Source material =>
------------------------------------------------------------
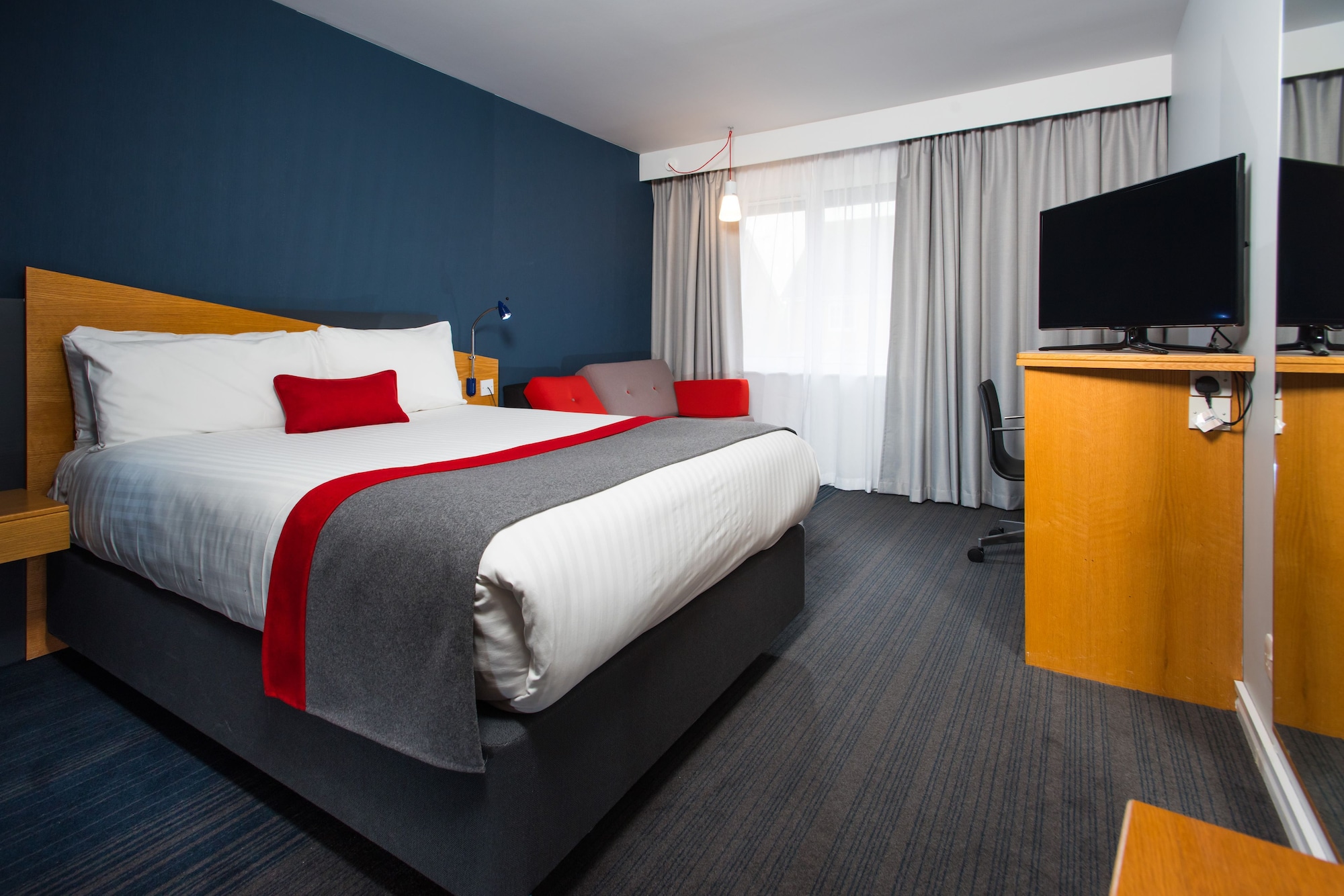 holiday inn express peterborough by ihg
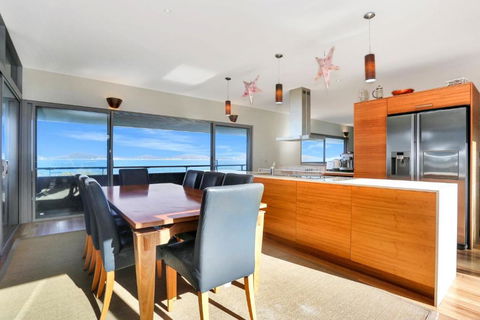 Architectural Design On The Beach - Accommodation Bookings 4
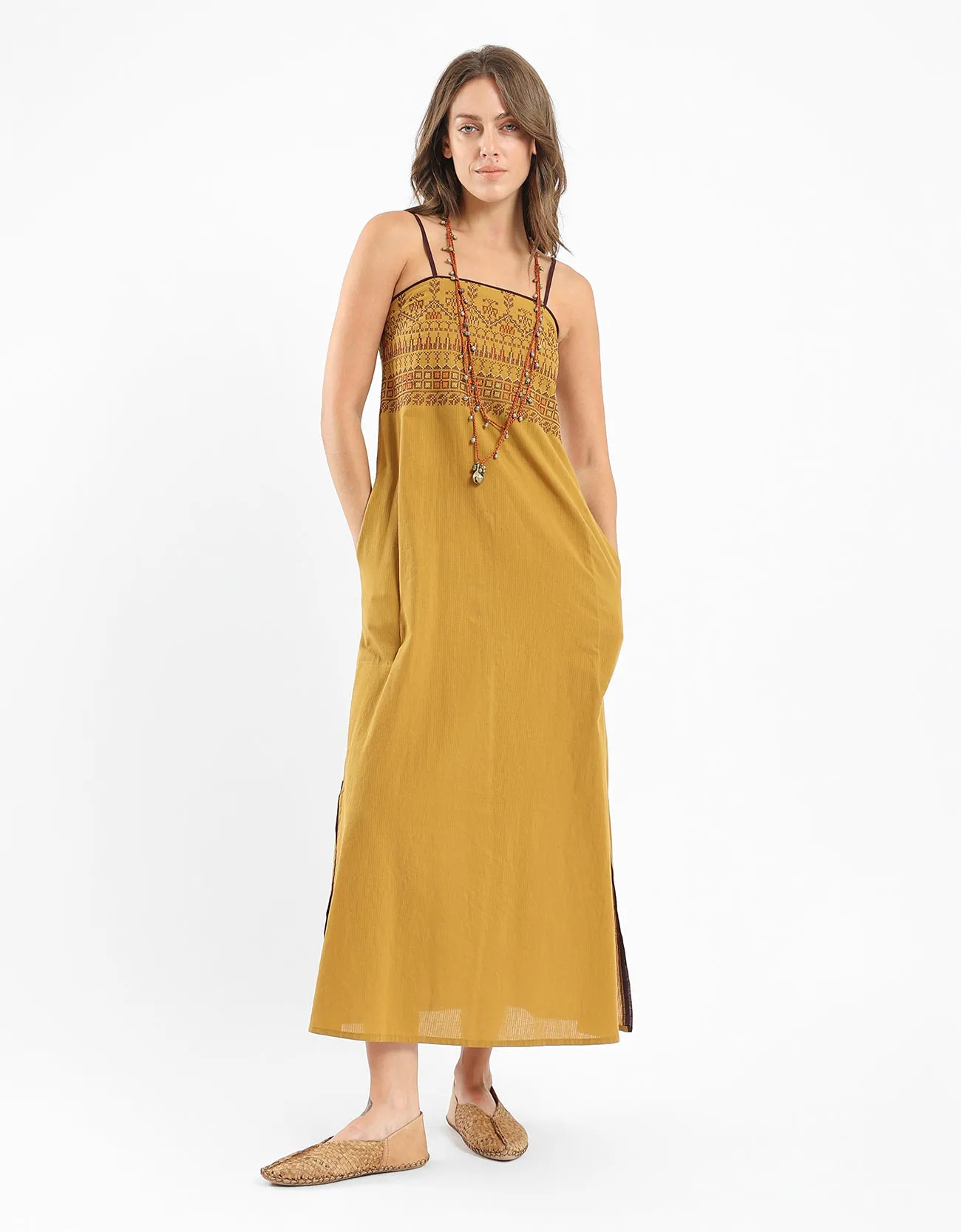 Adjustable embroidered long cotton dress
------------------------------------------------------------
Requirement => Your copy of the listing should match it exactly, apart from the pictures, which are left out.

Answer to the exercise =>
 holiday inn express peterborough by ihg
 Architectural Design On The Beach - Accommodation Bookings 4
 Adjustable embroidered long cotton dress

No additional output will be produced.